**Exercise objective**
Could every line below be transcribed exactly, with the pictures dropped?

**Provided data**
☆ ☆ ☆

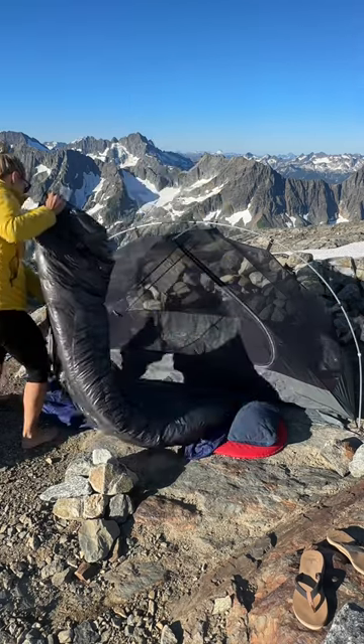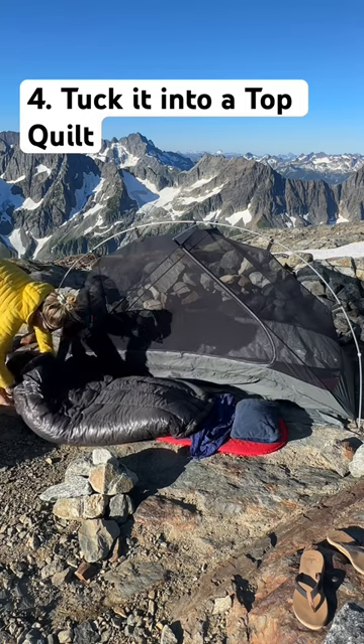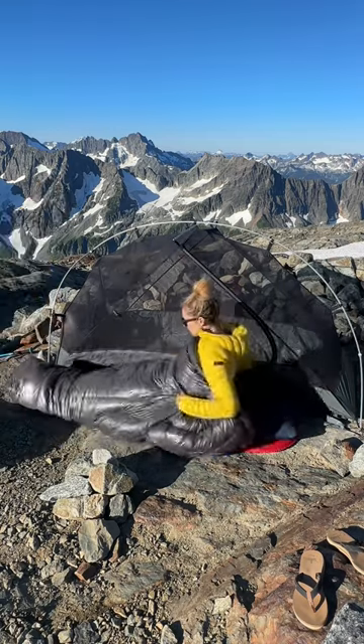Then I tuck the bottom of my sleeping pad and my sheet into my Outdoor Vitals top quilt. This keeps me from falling off my sleeping pad, gives me more movement in my upper body, and is super warm.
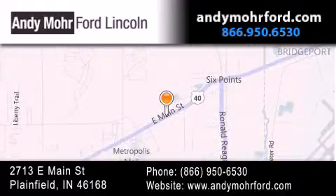You can search our new and pre-owned inventory online, get new car pricing and receive free no obligation price quotes. Stop by and visit us today at 2713 East Main Street in Plainfield or see us online at andymooreford.com.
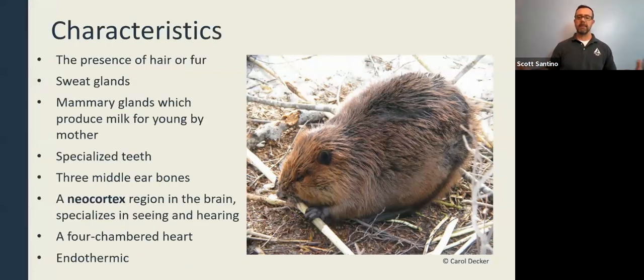What makes a beaver a beaver? As a mammal, it has hair covering its body that protects it, keeps it warm, keeps it dry, and protects from harmful UV light. On hot days, mammals have sweat glands to help cool and reduce body heat. Female beavers have mammary glands which produce milk to feed young.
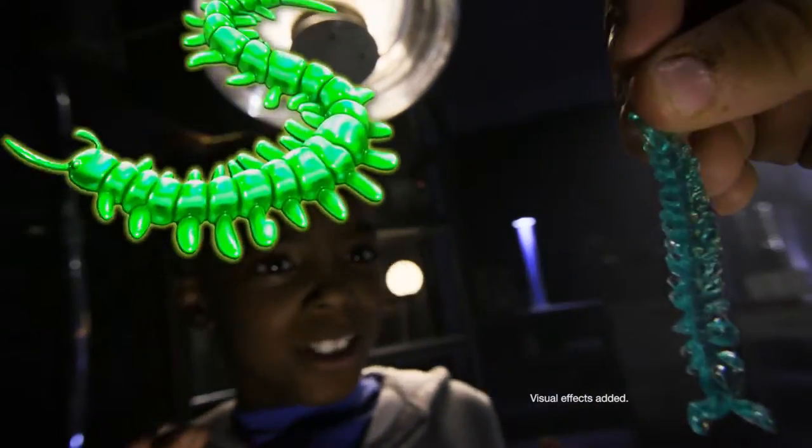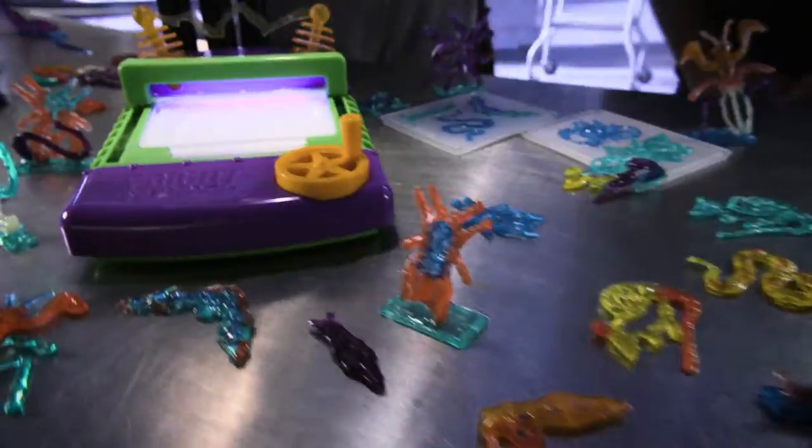Make creepy centipedes, scary scorpions, gross spiders, and so much more.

☆ ☆ ☆

**Task output**
Then I tuck the bottom of my sleeping pad and my sheet into my Outdoor Vitals top quilt. This keeps me from falling off my sleeping pad, gives me more movement in my upper body, and is super warm.
You can search our new and pre-owned inventory online, get new car pricing and receive free no obligation price quotes. Stop by and visit us today at 2713 East Main Street in Plainfield or see us online at andymooreford.com.
What makes a beaver a beaver? As a mammal, it has hair covering its body that protects it, keeps it warm, keeps it dry, and protects from harmful UV light. On hot days, mammals have sweat glands to help cool and reduce body heat. Female beavers have mammary glands which produce milk to feed young.
Make creepy centipedes, scary scorpions, gross spiders, and so much more.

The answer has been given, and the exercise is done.